Homilía del Papa Francisco en Santa Marta
El Evangelio está lleno de trampas en las que fariseos y doctores de la ley intentan hacer caer a Jesús para pillarlo a contrapié, minar su autoridad y el crédito del que goza entre la gente. Una de tantas, recogida en el Evangelio de hoy (Mc 10,1-12), es la que los fariseos le tienden preguntándole si es lícito o no repudiar a la mujer.
Es la trampa de la casuística, urdida por un pequeño grupo de teólogos iluminados, convencidos de tener toda la ciencia y la sabiduría del pueblo de Dios. Una insidia de la que Jesús sale por elevación, yendo a la plenitud del matrimonio. Ya lo había hecho antes con los saduceos, sobre la mujer que tuvo siete maridos (cfr. Mc 12,18-27), pero que en la resurrección —les explica Jesús— no será esposa de ninguno porque en el cielo no se toma ni mujer ni marido. En aquel caso, Cristo se refería a la plenitud escatológica del matrimonio. Con los fariseos, en cambio, va a la plenitud de la armonía de la creación: Dios los creó hombre y mujer, y los dos serán una sola carne.
Ya no son dos, sino una sola carne. Por tanto, lo que Dios ha unido, que no lo separe el hombre. Tanto en el caso del Levirato como en este, ¡Jesús responde con la verdad aplastante, con la verdad contundente —¡esa es la verdad!— de la plenitud! Jesús nunca regatea con la verdad. Pero estos, ese pequeño grupito de teólogos iluminados, siempre regatean con la verdad, reduciéndola a la casuística. Jesús no negocia la verdad. Y esa es la verdad del matrimonio, ¡no hay otra!

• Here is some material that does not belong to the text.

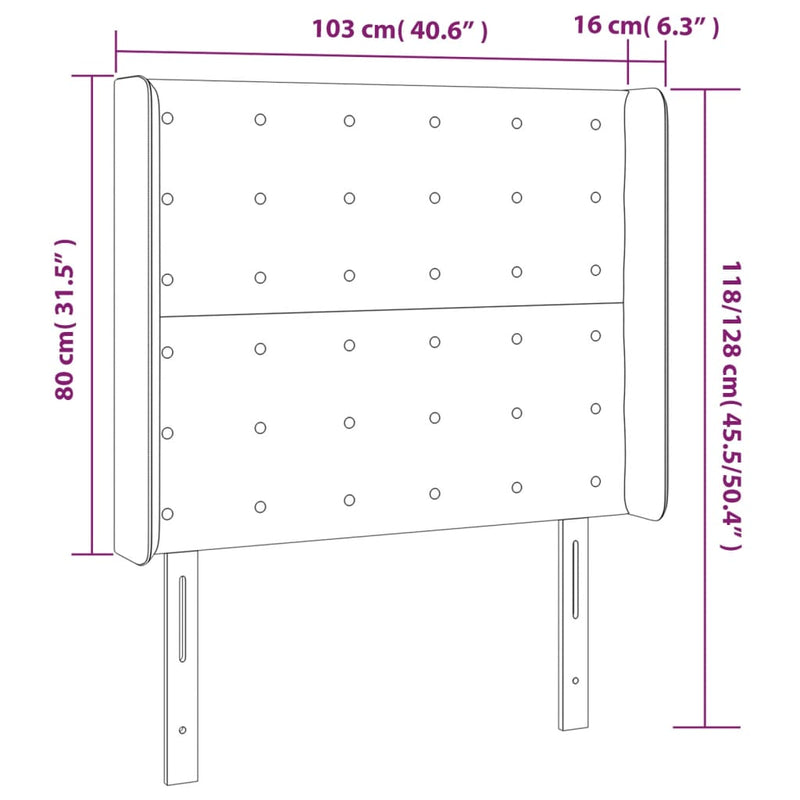 vidaXL sötétkék bársony LED-es fejtámla 103x16x118/128 cm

Pero Jesús es tan misericordioso, tan grande, que nunca jamás cierra la puerta a los pecadores. Por eso, no se limita a enunciar la verdad de Dios, sino que pregunta a los fariseos qué estableció Moisés en la ley. Y cuando los fariseos le dicen que ante el adulterio es lícito dar un acta de repudio, Cristo replica que esa norma fue escrita por la dureza de vuestro corazón. Es decir, Jesús distingue siempre entre la verdad y la debilidad humana. En este mundo en el que vivimos, con esta cultura de lo provisional, la realidad del pecado es muy fuerte. Pero Jesús, recordando a Moisés, nos dice: Ante la dureza del corazón, ante el pecado, algo se puede hacer: el perdón, la comprensión, el acompañamiento, la integración, el discernimiento de esos casos… ¡Pero la verdad nunca se vende! Jesús es capaz de decir esta verdad tan grande y, al mismo tiempo, ser tan comprensivo con los pecadores, con los débiles.
Por tanto, estos son las dos cosas que Jesús nos enseña: la verdad y la comprensión, cosa que los teólogos iluminados no logran ver, porque están encerrados en la trampa de la ecuación matemática del “¿Se puede? ¿No se puede?”, y no son capaces ni de horizontes grandes ni de amor por la debilidad humana. Basta ver la delicadeza con la que Jesús trata a la adúltera a punto de ser lapidada: Yo tampoco te condeno; vete, y no peques más (Jn 8,11). Que Jesús nos enseñe a tener en el corazón una gran adhesión a la verdad y una gran comprensión y acompañamiento a todos nuestros hermanos que pasan alguna dificultad. Pero eso es un don, eso lo enseña el Espíritu Santo, no esos doctores iluminados, que para enseñarnos tienen que reducir la plenitud de Dios a una ecuación casuística. Que el Señor nos dé esta gracia.